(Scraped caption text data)
__________________________________________________

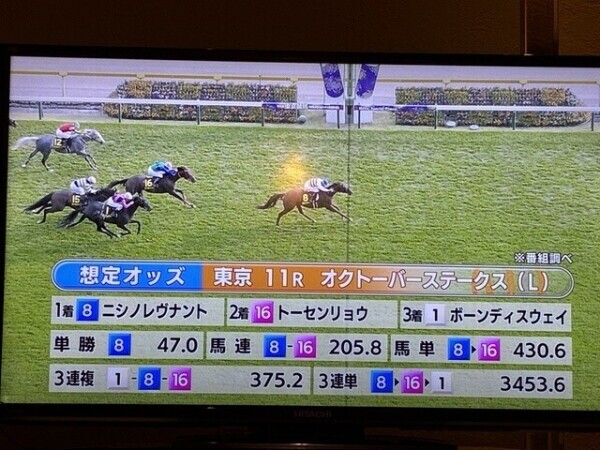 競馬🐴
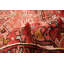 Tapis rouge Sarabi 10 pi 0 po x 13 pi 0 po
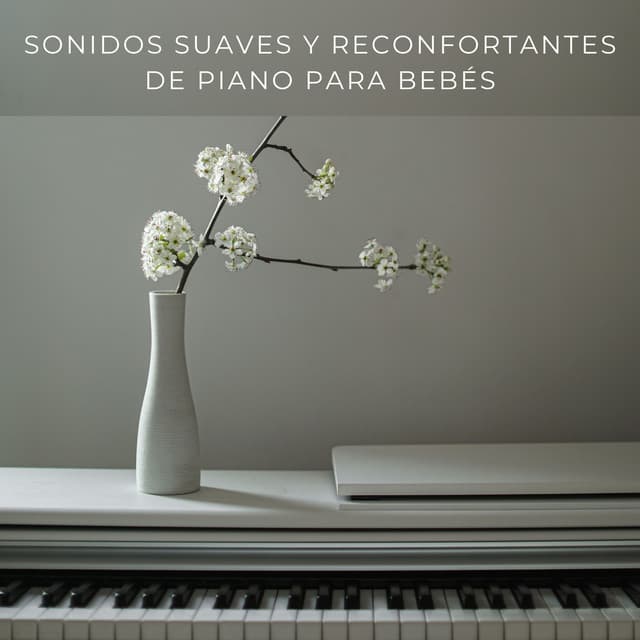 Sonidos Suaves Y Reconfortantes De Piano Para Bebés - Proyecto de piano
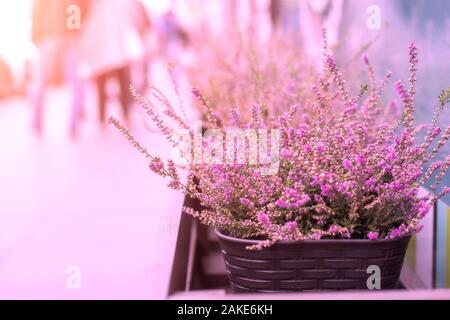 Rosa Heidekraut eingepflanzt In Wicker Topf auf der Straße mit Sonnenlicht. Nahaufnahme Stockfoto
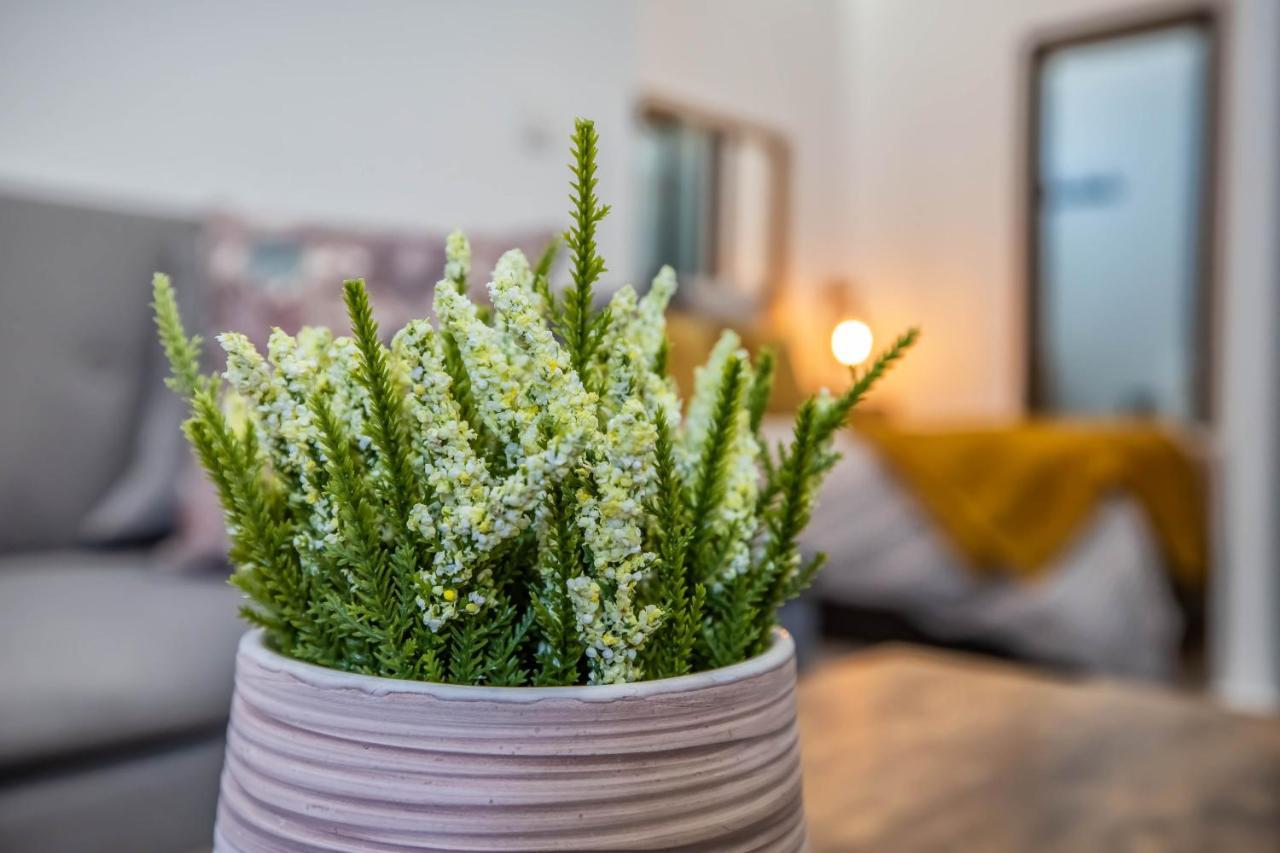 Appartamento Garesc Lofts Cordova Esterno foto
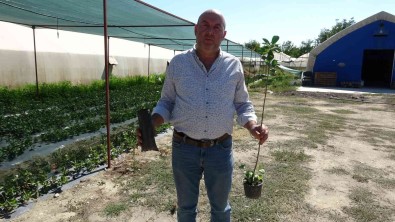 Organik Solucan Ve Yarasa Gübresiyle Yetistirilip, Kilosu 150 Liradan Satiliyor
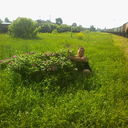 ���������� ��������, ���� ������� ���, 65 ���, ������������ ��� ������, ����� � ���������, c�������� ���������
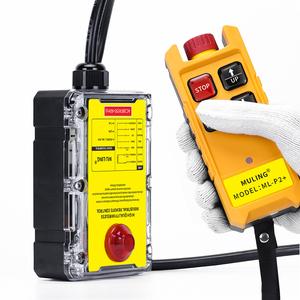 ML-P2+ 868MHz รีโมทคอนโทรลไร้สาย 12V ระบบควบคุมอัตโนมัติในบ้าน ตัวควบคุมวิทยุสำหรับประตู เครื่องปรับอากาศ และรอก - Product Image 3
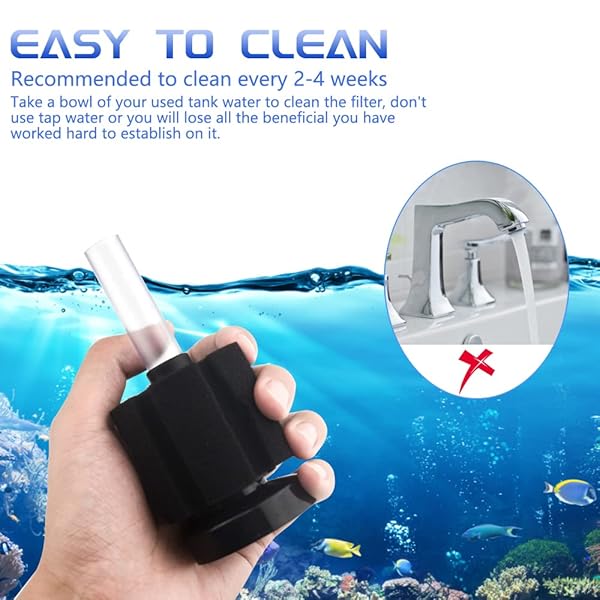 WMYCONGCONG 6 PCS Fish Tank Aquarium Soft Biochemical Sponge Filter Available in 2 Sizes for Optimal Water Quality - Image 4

__________________________________________________

The records above are to be repeated exactly, with the pictures left out.

**ANSWER BOX:**
 競馬🐴
 Tapis rouge Sarabi 10 pi 0 po x 13 pi 0 po
 Sonidos Suaves Y Reconfortantes De Piano Para Bebés - Proyecto de piano
 Rosa Heidekraut eingepflanzt In Wicker Topf auf der Straße mit Sonnenlicht. Nahaufnahme Stockfoto
 Appartamento Garesc Lofts Cordova Esterno foto
 Organik Solucan Ve Yarasa Gübresiyle Yetistirilip, Kilosu 150 Liradan Satiliyor
 ���������� ��������, ���� ������� ���, 65 ���, ������������ ��� ������, ����� � ���������, c�������� ���������
 ML-P2+ 868MHz รีโมทคอนโทรลไร้สาย 12V ระบบควบคุมอัตโนมัติในบ้าน ตัวควบคุมวิทยุสำหรับประตู เครื่องปรับอากาศ และรอก - Product Image 3
 WMYCONGCONG 6 PCS Fish Tank Aquarium Soft Biochemical Sponge Filter Available in 2 Sizes for Optimal Water Quality - Image 4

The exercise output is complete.